Reputation: 21
I am working on porting a basic MNIST model training program from using keras 2.3.1 to tf.keras (Tensorflow 2.0) and am seeing some strange behavior.
My initial code trains very well but after updating my imports the model training gets bogged down.
here is my code
#initialize the network
input_layer = Input(shape=(784,))
network1 = Dense(152, activation=nn.tanh)(input_layer)
network2 = Dense(76, activation=nn.tanh)(network1)
network3 = Dense(38, activation=nn.tanh)(network2)
network4 = Dense(4, activation=nn.tanh)(network3)
network5 = Dense(38, activation=nn.tanh)(network4)
network6 = Dense(76, activation=nn.tanh)(network5)
network7 = Dense(152, activation=nn.tanh)(network6)
output = Dense(784, activation=nn.tanh)(network7)
autoencoder = Model(inputs=input_layer, outputs=output)
autoencoder.compile(optimizer='adadelta', loss='MSE')

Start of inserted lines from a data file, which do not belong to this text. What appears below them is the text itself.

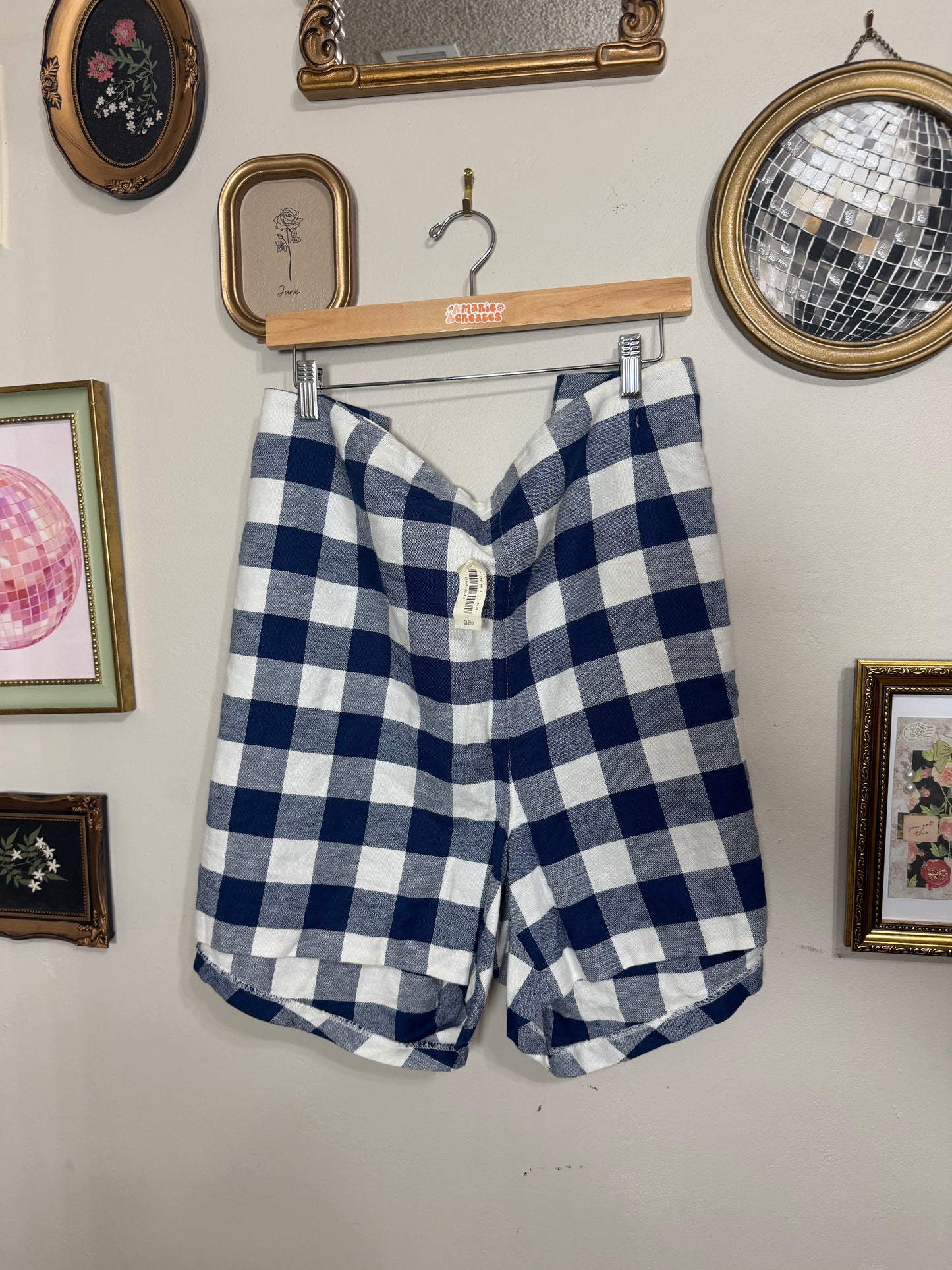 Size 28 NWT Blue Gingham Shorts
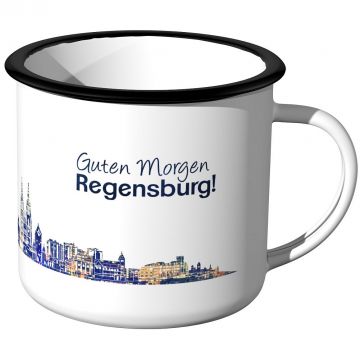 Emaille Tasse Skyline Regensburg bei Nacht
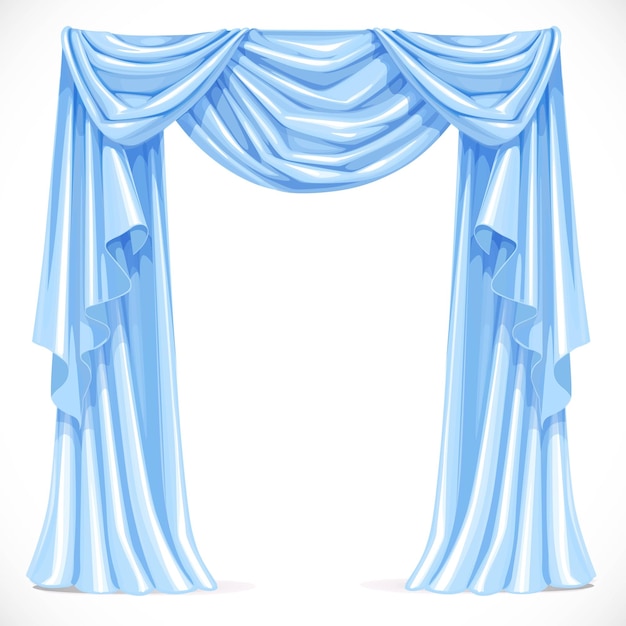 Cortina azul drapeada con pelmet aislado sobre un fondo blanco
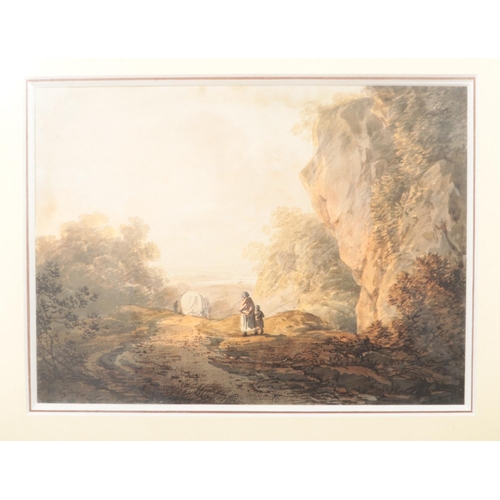 108 - William Payne (1760-1830), a gilt framed watercolour, landscape scene with covered wagon and figures... 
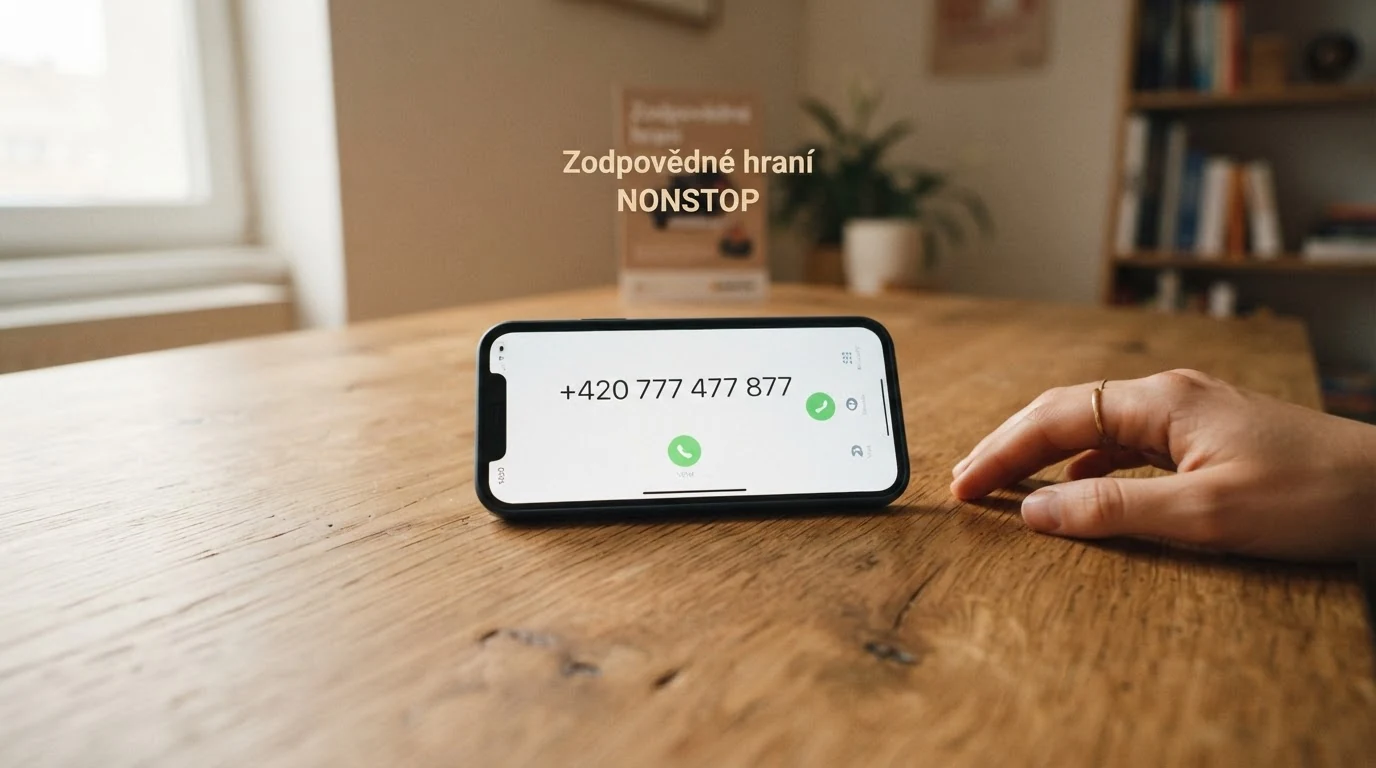 Telefon s vytočenou linkou pomoci, v pozadí logo Zodpovědné hraní a nápis NONSTOP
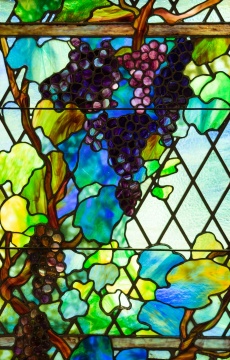 Early 20th Century Three Cased Grape Vine Windows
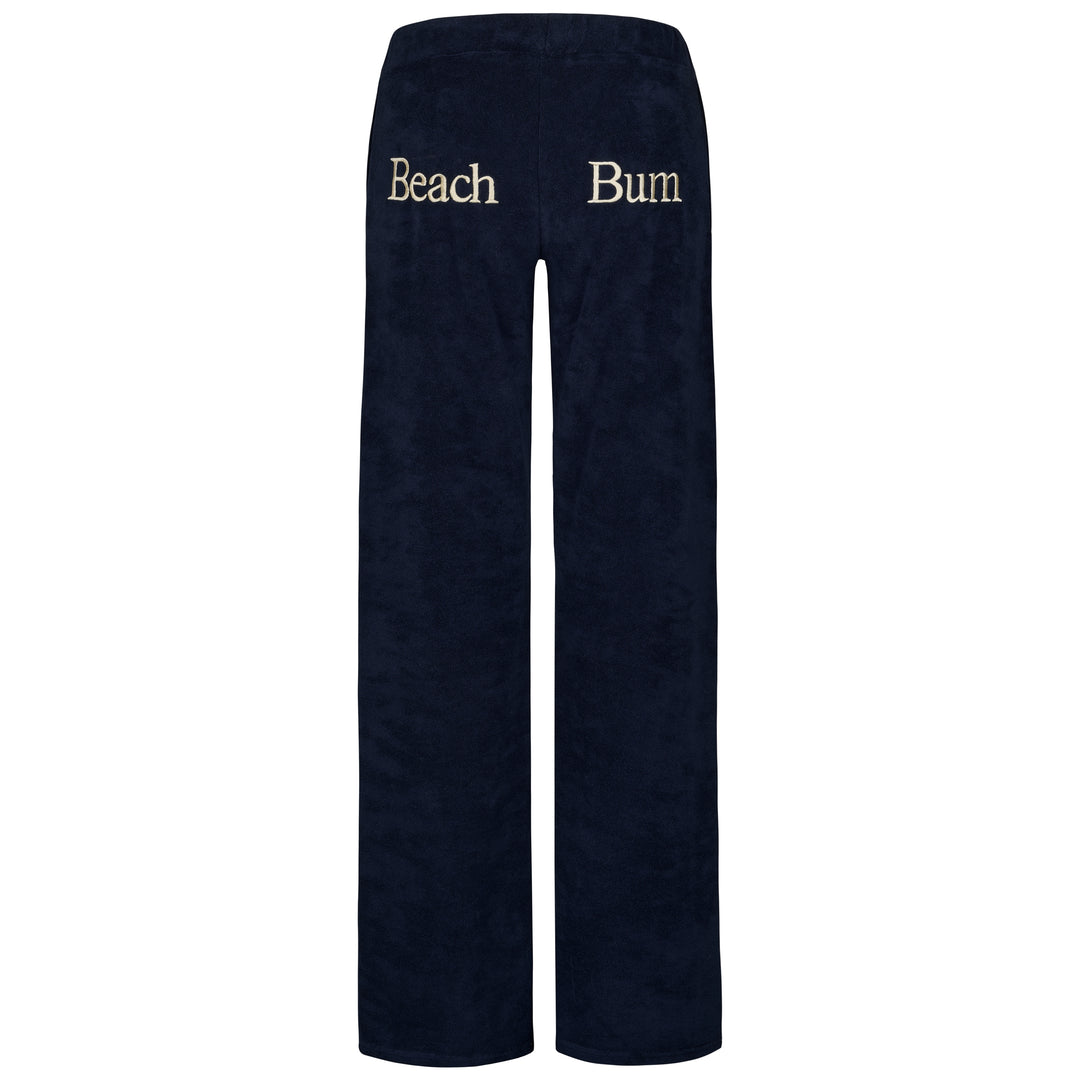 Womens Towelling Wide Leg Jogging Bottoms | Navy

# Create a callback that saves the model's weights
cp_callback = ModelCheckpoint(filepath=conf.checkpoint_path, save_weights_only=True, verbose=1)
#run the model
autoencoder.fit(x_data_train, x_data_train,
epochs=conf.epochs,
batch_size=conf.batch_size,
shuffle=True,
callbacks=[cp_callback])
my keras imports - old:
from keras.layers import Input, Dense
from keras.models import Model
from keras.callbacks import ModelCheckpoint
my keras imports - new:
from tensorflow.keras.layers import Input, Dense
from tensorflow.keras.models import Model
from tensorflow.keras.callbacks import ModelCheckpoint
After the first epoch of training - old- model finishes around loss of 0.025 after 500 epochs
Epoch 1/20 60000/60000 [==============================] - 11s 180us/step - loss: 0.0614
After the first epoch of training - new - model stalls around loss of 0.06 after 500 epochs
Epoch 1/20 60000/60000 [============================>.] - 10s 167us/step - loss: 0.1152
Upvotes: 0
Views: 158
Reputation: 21
After searching the internet for a few hours I did find a small comment here. This comment is the answer
keras adadelta learning rate is 1.0, tf adadelta learning rate is 0.001. So latter learns much slower. You might want to adjust learning rate and test for consistency.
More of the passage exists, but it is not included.